Copy out each line of the data that contains "will".

##########

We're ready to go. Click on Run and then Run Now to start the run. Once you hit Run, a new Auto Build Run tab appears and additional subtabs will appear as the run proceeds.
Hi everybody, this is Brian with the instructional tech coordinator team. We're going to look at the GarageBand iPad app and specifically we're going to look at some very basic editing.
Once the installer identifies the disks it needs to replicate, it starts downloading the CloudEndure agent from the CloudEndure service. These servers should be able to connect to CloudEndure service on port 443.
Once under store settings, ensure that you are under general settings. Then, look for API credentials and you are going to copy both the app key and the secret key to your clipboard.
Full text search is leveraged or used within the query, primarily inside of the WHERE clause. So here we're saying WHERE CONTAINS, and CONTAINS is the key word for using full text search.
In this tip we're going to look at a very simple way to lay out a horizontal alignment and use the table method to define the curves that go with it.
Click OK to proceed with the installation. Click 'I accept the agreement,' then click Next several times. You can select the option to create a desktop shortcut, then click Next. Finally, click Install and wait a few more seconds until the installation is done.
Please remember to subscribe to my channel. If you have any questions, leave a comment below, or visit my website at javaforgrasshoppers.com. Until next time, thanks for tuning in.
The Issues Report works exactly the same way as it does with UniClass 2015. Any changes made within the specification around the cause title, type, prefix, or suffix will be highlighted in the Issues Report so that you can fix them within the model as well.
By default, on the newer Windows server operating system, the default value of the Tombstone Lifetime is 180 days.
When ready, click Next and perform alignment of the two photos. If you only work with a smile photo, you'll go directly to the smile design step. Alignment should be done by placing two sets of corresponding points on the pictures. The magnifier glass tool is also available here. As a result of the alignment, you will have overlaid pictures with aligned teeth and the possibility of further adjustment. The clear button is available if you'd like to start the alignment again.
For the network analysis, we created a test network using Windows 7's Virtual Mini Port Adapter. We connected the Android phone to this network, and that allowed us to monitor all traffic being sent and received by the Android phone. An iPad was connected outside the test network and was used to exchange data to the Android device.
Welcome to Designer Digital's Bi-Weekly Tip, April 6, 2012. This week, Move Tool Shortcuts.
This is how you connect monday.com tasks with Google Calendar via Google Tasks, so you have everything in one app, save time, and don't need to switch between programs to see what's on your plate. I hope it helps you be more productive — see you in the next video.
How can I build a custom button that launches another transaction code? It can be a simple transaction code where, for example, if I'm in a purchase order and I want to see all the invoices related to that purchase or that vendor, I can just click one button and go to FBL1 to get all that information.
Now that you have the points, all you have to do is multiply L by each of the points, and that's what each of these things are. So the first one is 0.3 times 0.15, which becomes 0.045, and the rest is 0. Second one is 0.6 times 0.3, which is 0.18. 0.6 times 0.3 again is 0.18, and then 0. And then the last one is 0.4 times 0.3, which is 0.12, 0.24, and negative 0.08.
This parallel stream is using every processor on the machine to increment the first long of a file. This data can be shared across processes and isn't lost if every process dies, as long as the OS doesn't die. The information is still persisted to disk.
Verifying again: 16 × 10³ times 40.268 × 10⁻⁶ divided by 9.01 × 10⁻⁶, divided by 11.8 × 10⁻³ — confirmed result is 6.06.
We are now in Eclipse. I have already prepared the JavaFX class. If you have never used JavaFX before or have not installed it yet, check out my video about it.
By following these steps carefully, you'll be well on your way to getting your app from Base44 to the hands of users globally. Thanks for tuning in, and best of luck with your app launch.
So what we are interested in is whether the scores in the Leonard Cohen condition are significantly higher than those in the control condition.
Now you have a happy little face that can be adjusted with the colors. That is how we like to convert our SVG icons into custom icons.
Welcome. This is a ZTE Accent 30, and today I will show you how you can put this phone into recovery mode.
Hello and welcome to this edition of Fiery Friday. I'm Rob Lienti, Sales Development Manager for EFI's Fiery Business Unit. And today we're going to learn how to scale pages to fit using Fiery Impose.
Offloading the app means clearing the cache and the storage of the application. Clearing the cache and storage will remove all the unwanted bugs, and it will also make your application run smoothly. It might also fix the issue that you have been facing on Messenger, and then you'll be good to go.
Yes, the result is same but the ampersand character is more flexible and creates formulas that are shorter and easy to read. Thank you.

##########

▸ ANSWER SPACE:
We're ready to go. Click on Run and then Run Now to start the run. Once you hit Run, a new Auto Build Run tab appears and additional subtabs will appear as the run proceeds.
The Issues Report works exactly the same way as it does with UniClass 2015. Any changes made within the specification around the cause title, type, prefix, or suffix will be highlighted in the Issues Report so that you can fix them within the model as well.
When ready, click Next and perform alignment of the two photos. If you only work with a smile photo, you'll go directly to the smile design step. Alignment should be done by placing two sets of corresponding points on the pictures. The magnifier glass tool is also available here. As a result of the alignment, you will have overlaid pictures with aligned teeth and the possibility of further adjustment. The clear button is available if you'd like to start the alignment again.
Welcome. This is a ZTE Accent 30, and today I will show you how you can put this phone into recovery mode.
Offloading the app means clearing the cache and the storage of the application. Clearing the cache and storage will remove all the unwanted bugs, and it will also make your application run smoothly. It might also fix the issue that you have been facing on Messenger, and then you'll be good to go.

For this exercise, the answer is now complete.